Simple Price Prediction Model

9 minute read

Prediction of Flight Price:

Predicting the price of a flight fare on the basis of several parameters such as Flight Org,Date,Stops etc. Which depicts that it’s a regression problem. Starting with the required library imports.

import numpy as np
import pandas as pd
import matplotlib.pyplot as plt
import seaborn as sns
import matplotlib.style as style
import missingno as msno
sns.set()

Load the dataset and perform the basic data validations.As we have date and time columns so we should parse it at load time.

train_data = pd.read_csv("data_train.csv",parse_dates=['Date_of_Journey','Dep_Time','Arrival_Time'])
pd.set_option('display.max_columns', None)
train_data.head()

	Airline	Date_of_Journey	Source	Destination	Route	Dep_Time	Arrival_Time	Duration	Total_Stops	Additional_Info	Price
0	IndiGo	2019-03-24	Banglore	New Delhi	BLR ? DEL	2020-07-13 22:20:00	2020-03-22 01:10:00	2h 50m	non-stop	No info	3897
1	Air India	2019-01-05	Kolkata	Banglore	CCU ? IXR ? BBI ? BLR	2020-07-13 05:50:00	2020-07-13 13:15:00	7h 25m	2 stops	No info	7662
2	Jet Airways	2019-09-06	Delhi	Cochin	DEL ? LKO ? BOM ? COK	2020-07-13 09:25:00	2020-06-10 04:25:00	19h	2 stops	No info	13882
3	IndiGo	2019-12-05	Kolkata	Banglore	CCU ? NAG ? BLR	2020-07-13 18:05:00	2020-07-13 23:30:00	5h 25m	1 stop	No info	6218
4	IndiGo	2019-01-03	Banglore	New Delhi	BLR ? NAG ? DEL	2020-07-13 16:50:00	2020-07-13 21:35:00	4h 45m	1 stop	No info	13302

Validating the possibilities of null values and from the plot we confirm that there are very marginal missing values.

msno.matrix(train_data)

<matplotlib.axes._subplots.AxesSubplot at 0x1a307d06108>

png

train_data.isnull().sum()

Airline            0
Date_of_Journey    0
Source             0
Destination        0
Route              1
Dep_Time           0
Arrival_Time       0
Duration           0
Total_Stops        1
Additional_Info    0
Price              0
dtype: int64

inplace is set to True means it will make the changes to the master data frame.

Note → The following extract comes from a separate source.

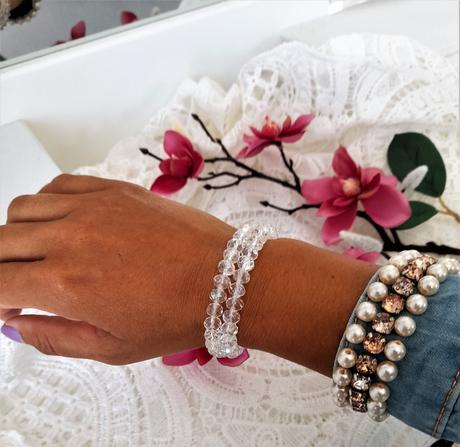 Korálkový náramok,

train_data.dropna(inplace=True)

Convert the Date_of_Journey to Day and Month

train_data["Journey_day"] =train_data["Date_of_Journey"].dt.day
train_data["Journey_month"] =train_data["Date_of_Journey"].dt.month

Now we got the day and month then we can simply drop the Date of Journey and perform the similar operation with Time.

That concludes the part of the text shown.